**DATA LISTING**

*** Begin section ***

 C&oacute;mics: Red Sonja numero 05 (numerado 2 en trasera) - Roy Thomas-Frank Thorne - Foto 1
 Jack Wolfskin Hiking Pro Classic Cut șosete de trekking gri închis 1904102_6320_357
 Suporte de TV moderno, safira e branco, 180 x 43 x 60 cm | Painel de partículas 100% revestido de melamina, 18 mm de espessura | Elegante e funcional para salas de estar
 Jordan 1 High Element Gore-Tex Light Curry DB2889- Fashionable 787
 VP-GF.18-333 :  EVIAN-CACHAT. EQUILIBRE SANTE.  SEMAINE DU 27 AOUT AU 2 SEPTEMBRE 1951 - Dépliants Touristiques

*** End section ***
*** Begin section ***

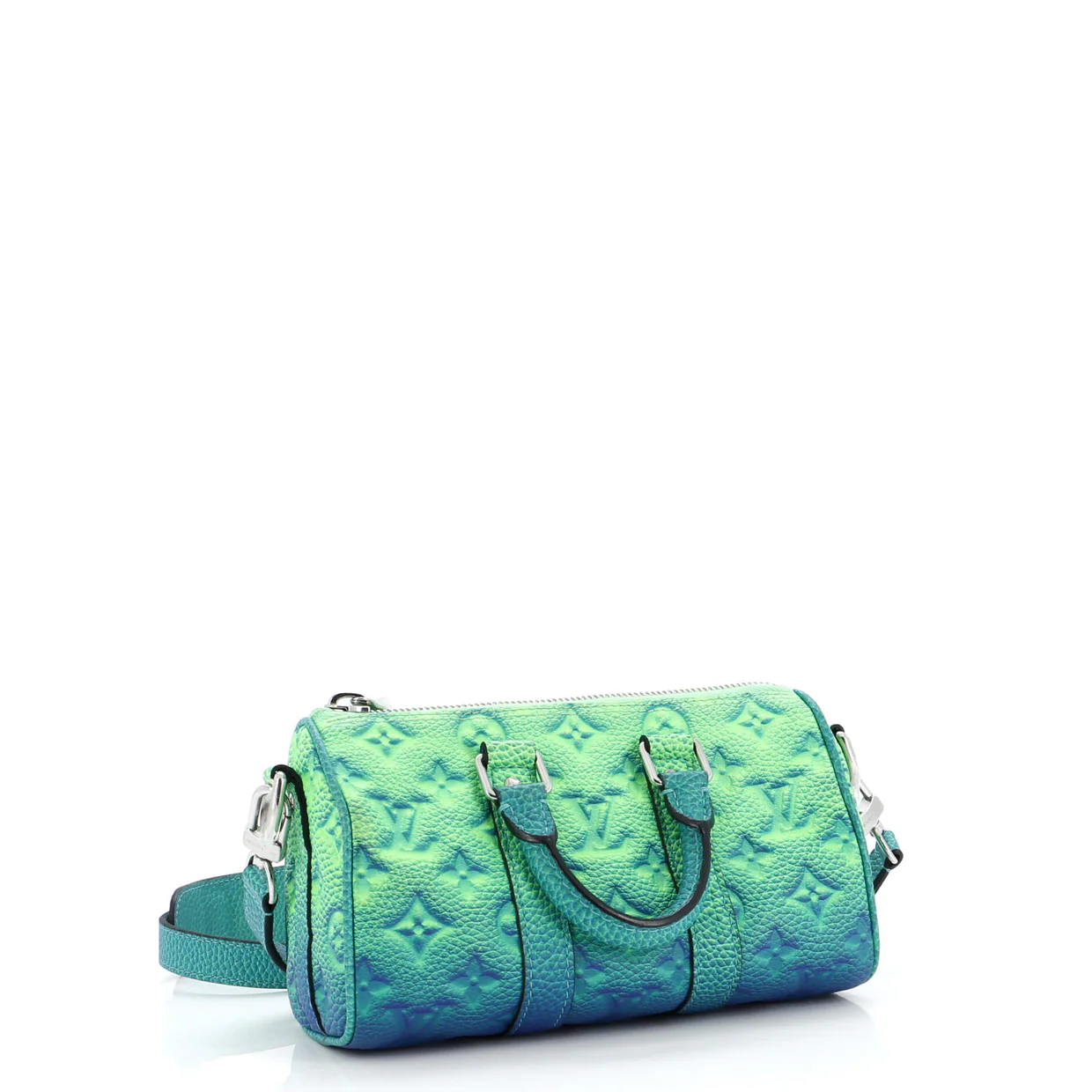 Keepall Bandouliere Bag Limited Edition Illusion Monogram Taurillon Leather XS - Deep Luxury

*** End section ***

**TASK PROMPT**
Give back, exactly as written, the stretch from the line with "C&oacute;mics: Red Sonja" through the line with "- Dépliants Touristiques", and no other lines from the records above.

**RESULT OF THIS EXERCISE**
 C&oacute;mics: Red Sonja numero 05 (numerado 2 en trasera) - Roy Thomas-Frank Thorne - Foto 1
 Jack Wolfskin Hiking Pro Classic Cut șosete de trekking gri închis 1904102_6320_357
 Suporte de TV moderno, safira e branco, 180 x 43 x 60 cm | Painel de partículas 100% revestido de melamina, 18 mm de espessura | Elegante e funcional para salas de estar
 Jordan 1 High Element Gore-Tex Light Curry DB2889- Fashionable 787
 VP-GF.18-333 :  EVIAN-CACHAT. EQUILIBRE SANTE.  SEMAINE DU 27 AOUT AU 2 SEPTEMBRE 1951 - Dépliants Touristiques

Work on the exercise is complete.